シティボーイといえばコーヒー、コーヒーといえばシティボーイだ。僕たちの体内の70%は焦げ茶色の液体が占めている。富ヶ谷を歩けばコーヒー屋に当たると言っても過言ではないくらい、この街にはコーヒー屋さんがたくさん立ち並ぶ。しかも、それぞれが少しクセがある。
まず紹介するのはROAST WORKS。THE COFFEESHOPという、代官山にあるコーヒースタンドの姉妹店で、僕の普段使いのお店だ。大事なことなので二回言おう、「僕の普段使いのお店だ」。現在は店内利用がNGだが、普段はそこまで混み合っておらず、休日のワークプレイスとしてよく利用させてもらっている。
ROAST WORKSから歩いて30秒ほど行くと見えてくるのが、BONDI COFFEE SANDWICHESだ。ここボンダイも代々木公園に本店を構え、姉妹店としてやっているが、休日は大変にぎわっている。エッグベネディクトやサンドウィッチ、アサイーといったハワイテイストなフードが、富ヶ谷に住むハイソなシティガールに人気だ。

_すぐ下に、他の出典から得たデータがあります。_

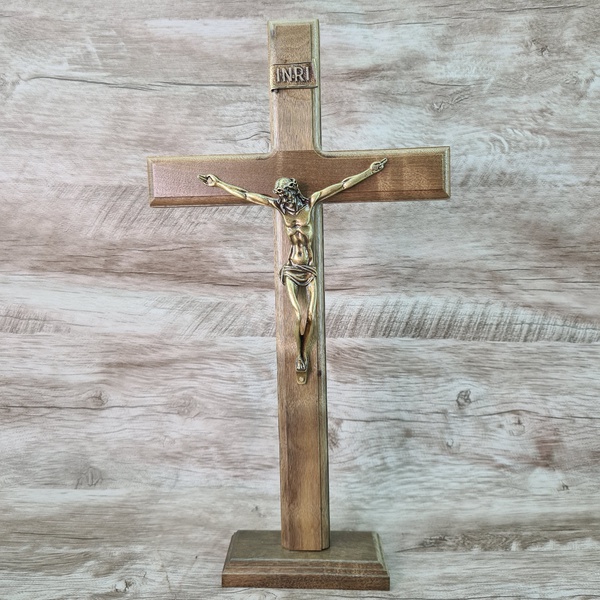 Crucifixo Mesa e Parede -Madeira 35 cm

他にも、日本近代文学館にあるBUNDAN COFFEE & BEER、代々木公園近くの人気店が富ヶ谷にオープンしたLittle Nap Coffee Stand、デザイン事務所が曜日限定で開くコーヒー屋(「デザイン事務所」が「曜日限定」で「コーヒー屋」やってんだぜ?)、ランドリーにカフェを併設させたBaluko Laundry Placeなど、クセのあるコーヒー屋でいっぱいだ。カフェ販売が終わってもランドリースペースが24時間営業のBaluko Laundry Placeは、富ヶ谷の数少ない深夜作業場としてヘビーユーズさせてもらっている。
俺的富ヶ谷ゴールデンお散歩コースで、最高の休日を過ごす
コーヒー屋の紹介だけでコラムが終わりかねないので、他のお店も紹介していこう。
僕の富ヶ谷ライフを支える黄金の散歩コースがある。家から駒場野公園へ向かう道のりだ。
渋谷から富ヶ谷へ抜ける山手通り沿いの途中、東大裏の近くにある家を出て、まずはROAST WORKSへと向かう。仕事をするならROAST WORKS一択だが、今回の目的は散歩。全面ガラス張りの馴染みの店を横目に駒場公園へと歩を進めよう。
駒場野公園よりも一回りほどコンパクトな公園で、園内に旧前田侯爵邸や日本近代文学館といった文化的価値の高い建造物があるのが駒場公園だ。入り口が奥まったところにあるからか、人もまばらで空気も気持ち澄んでいる。先に紹介した近代文学館内のBUNDAN COFFEE & BEERで、まずはファーストコーヒーブレイク。
BUNDANでひとしきり鴎外に思いを馳せた後は、東大駒場キャンパスを抜けて井の頭線の駒場東大前駅の方面へ向かう。ちょうど踏切を超えると駒場野公園なのだが、逸る気持ちを抑えてパン屋「ル・ルソール」に立ち寄ろう。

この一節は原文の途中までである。